You know what they say about assuming…
The first thing I did when I entered the cabin was check the water, fully expecting it to be back on. Nope. So I called the cabin rental office. Jerry and I are on a first name basis by now. I told her the water was still off and she was puzzled. She asked who I had called and I told her I had called Keven as the binder instructed.
It seems, Binder Kevin is also Water Kevin—but he is not Cabin Kevin. Therefore, the water department was aware of the water situation; however, the cabin rental office was not.
Jerry made a few calls, came up to the cabin to check the water herself, then came back a second time when she could not reach her husband, Terry, to request him to bring up some bottled water for my use.

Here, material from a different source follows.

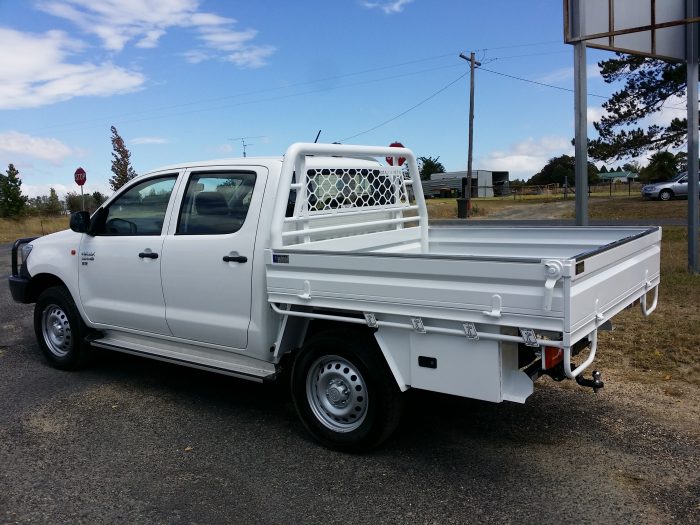 picture of a white ute tray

Jerry hugged me and said I was being very nice and understanding. She told me not to worry about washing the dishes or starting the linens to wash when I leave in the morning (I am going to wash my dishes though, that’s why I needed the water—to flush the toilet and clean up my kitchen mess). She also asked if I would like two free nights on a future rental. I told her I would love to return to Laurel Knoll! We hugged again.
Not only are we on a first name basis, we are also on a hugging basis.

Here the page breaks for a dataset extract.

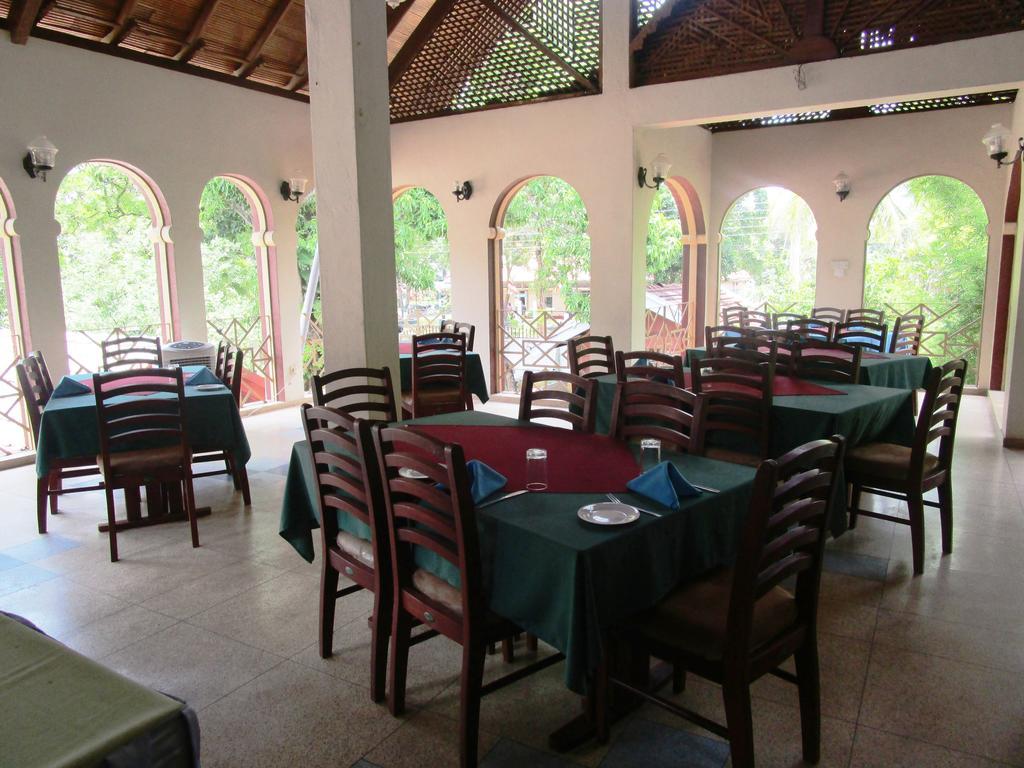 Hotel Shalini Anurâdhapura Extérieur photo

And the icing on the cake—I won’t have to fret about where I’m going to spend my next vacation. I just have to decide when—and this is the time of year we place our leave requests for next year….I think a little earlier in the season for the Apple Festival and more of the Leave Turning might be nice, and I think I want to drive up the Natchez Trace—it’s only 3.5 hours away. Or maybe I’ll come back during the Spring—the Scenic Train Ride is supposed to be spectacular during both the Fall and Spring.
Whatever time of year I decide to return, I think I’ll bring a couple of gallons of water… in case the water goes out again, I'll be prepared and won’t end up being High Maintenance.